*** Exercise materials ***
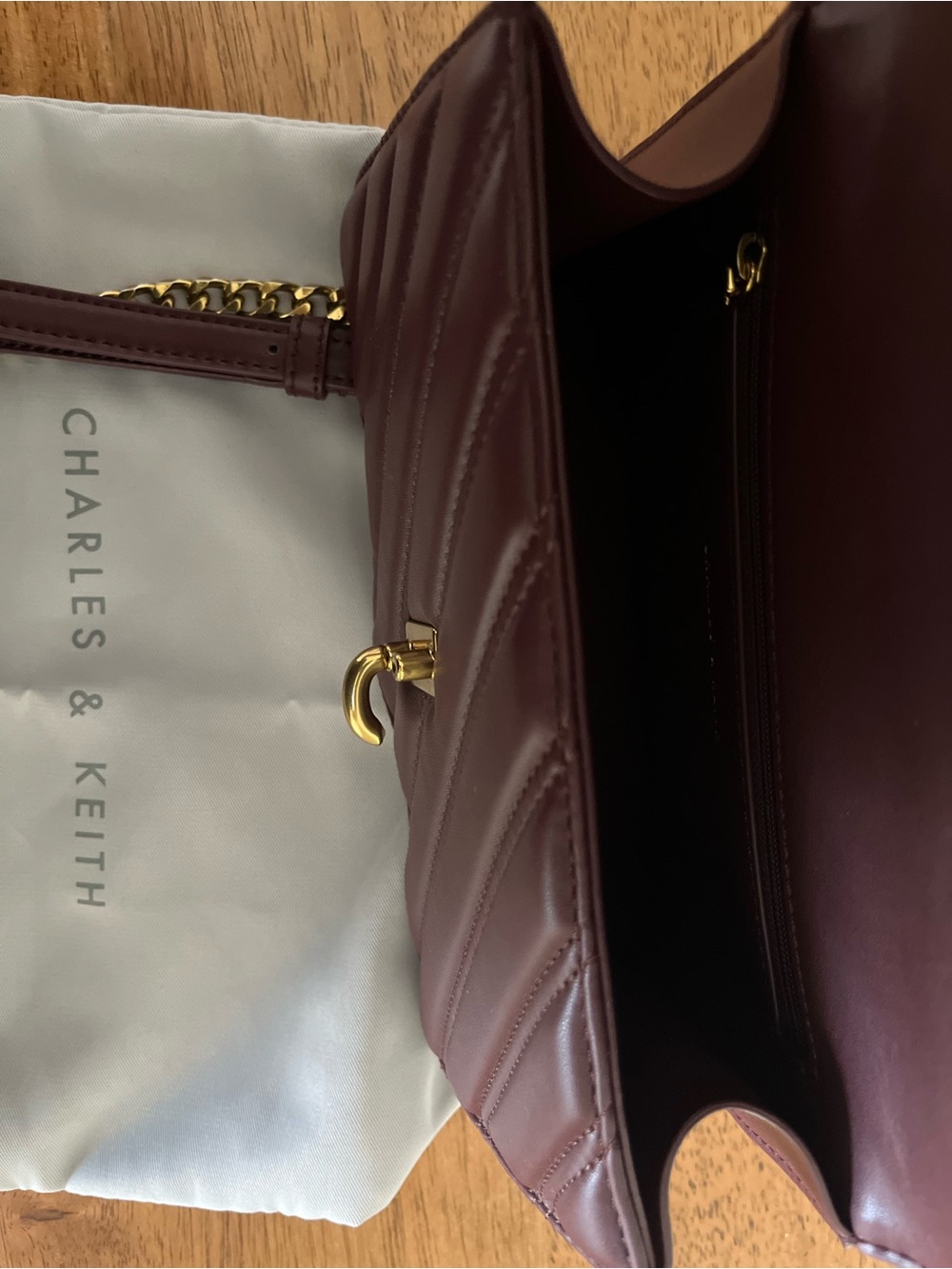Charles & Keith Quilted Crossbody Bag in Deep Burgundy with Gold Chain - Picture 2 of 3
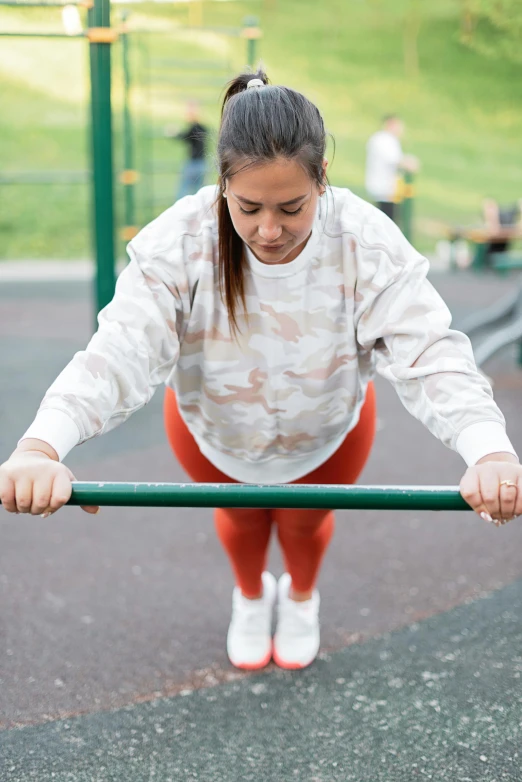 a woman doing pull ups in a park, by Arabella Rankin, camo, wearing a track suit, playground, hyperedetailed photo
*** End of Exercise materials ***
*** Exercise materials ***
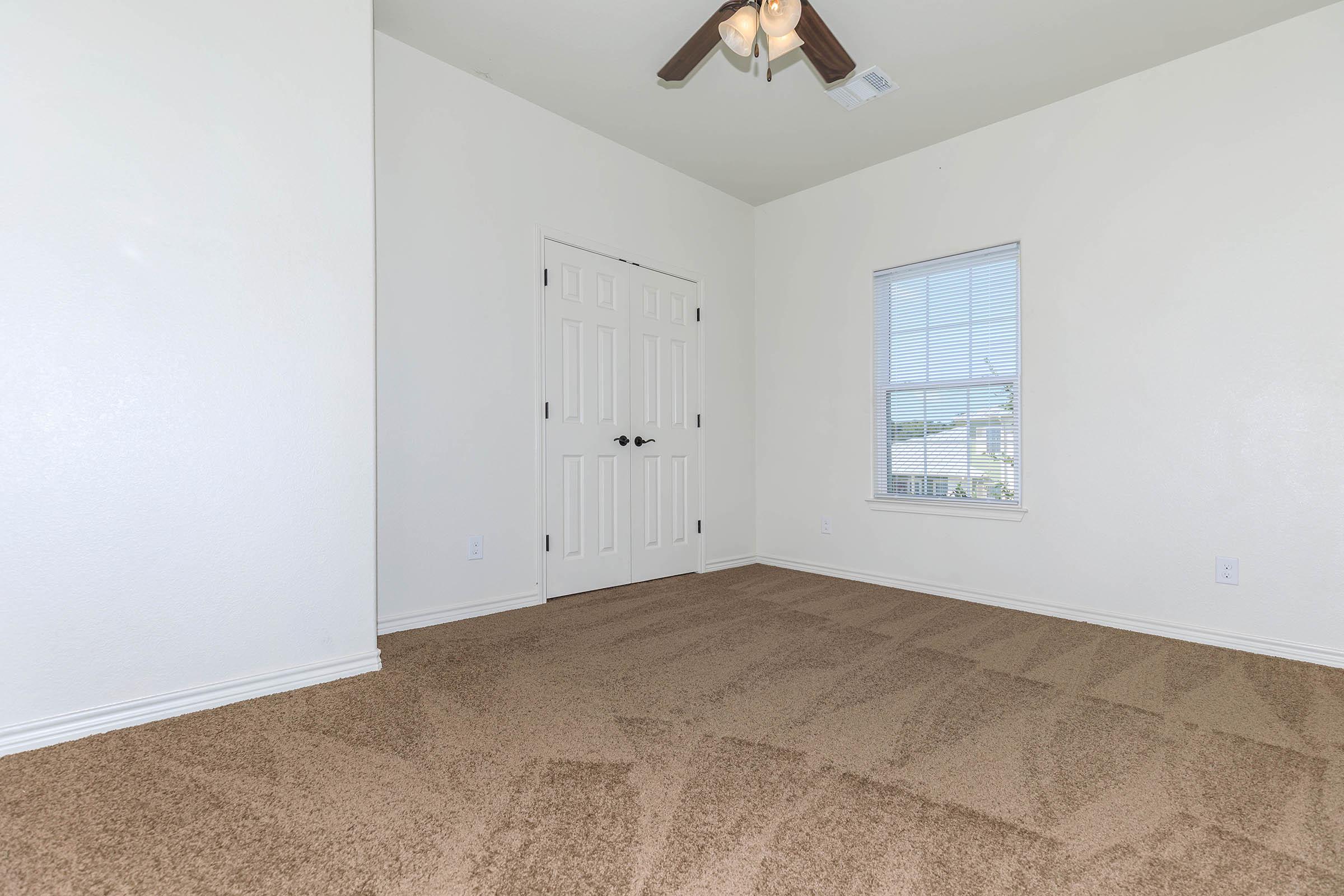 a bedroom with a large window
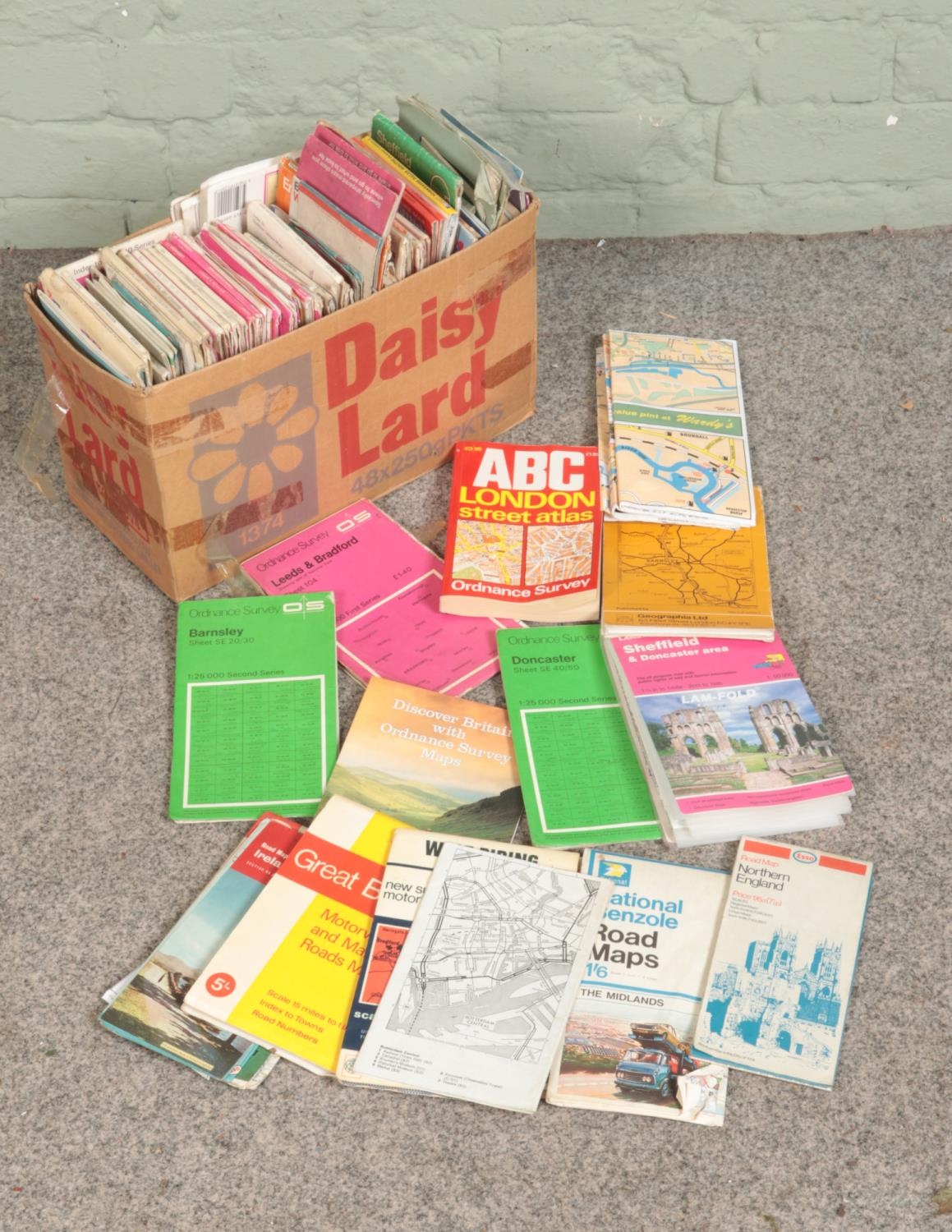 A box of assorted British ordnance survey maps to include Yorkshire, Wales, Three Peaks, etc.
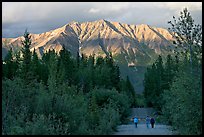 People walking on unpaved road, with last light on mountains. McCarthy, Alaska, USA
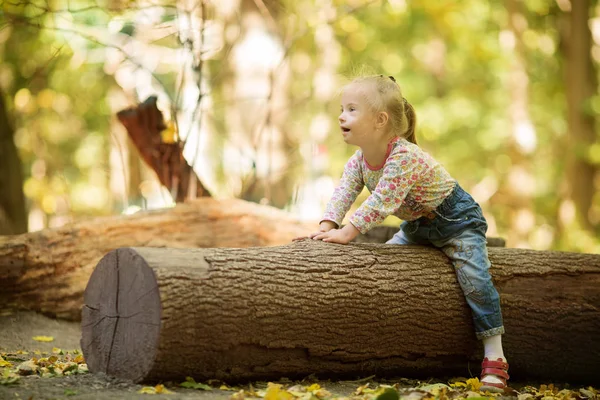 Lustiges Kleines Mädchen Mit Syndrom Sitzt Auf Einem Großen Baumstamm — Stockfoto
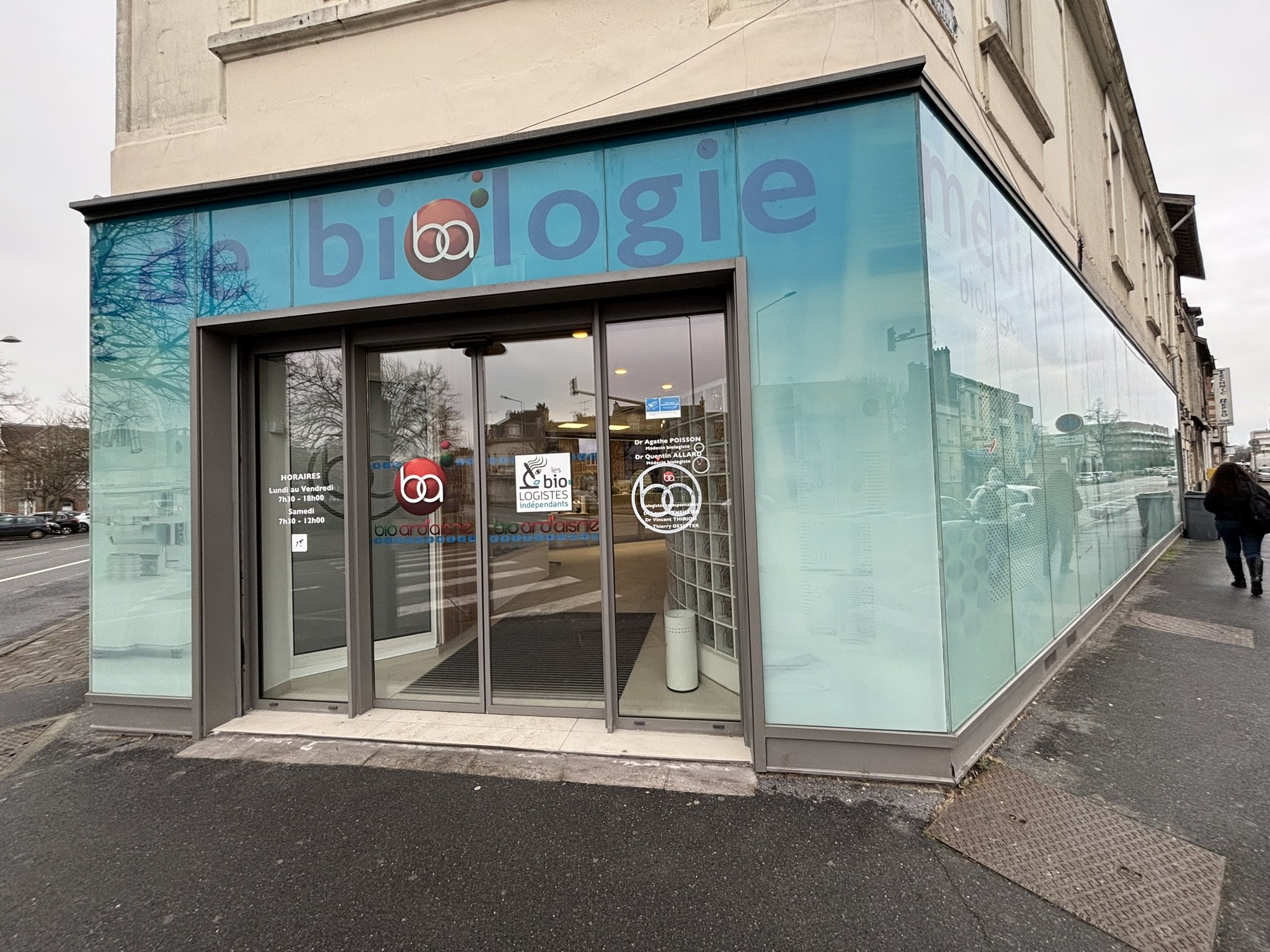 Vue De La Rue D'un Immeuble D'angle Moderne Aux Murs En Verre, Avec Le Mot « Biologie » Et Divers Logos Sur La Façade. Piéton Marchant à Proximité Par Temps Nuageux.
*** End of Exercise materials ***
Description of the task ::
Set the pictures aside and retype exactly the lines above from the line with "Lustiges Kleines Mädchen" to the line with "Vue De La Rue", both included, adding no others.

Task response ::
 Lustiges Kleines Mädchen Mit Syndrom Sitzt Auf Einem Großen Baumstamm — Stockfoto
 Vue De La Rue D'un Immeuble D'angle Moderne Aux Murs En Verre, Avec Le Mot « Biologie » Et Divers Logos Sur La Façade. Piéton Marchant à Proximité Par Temps Nuageux.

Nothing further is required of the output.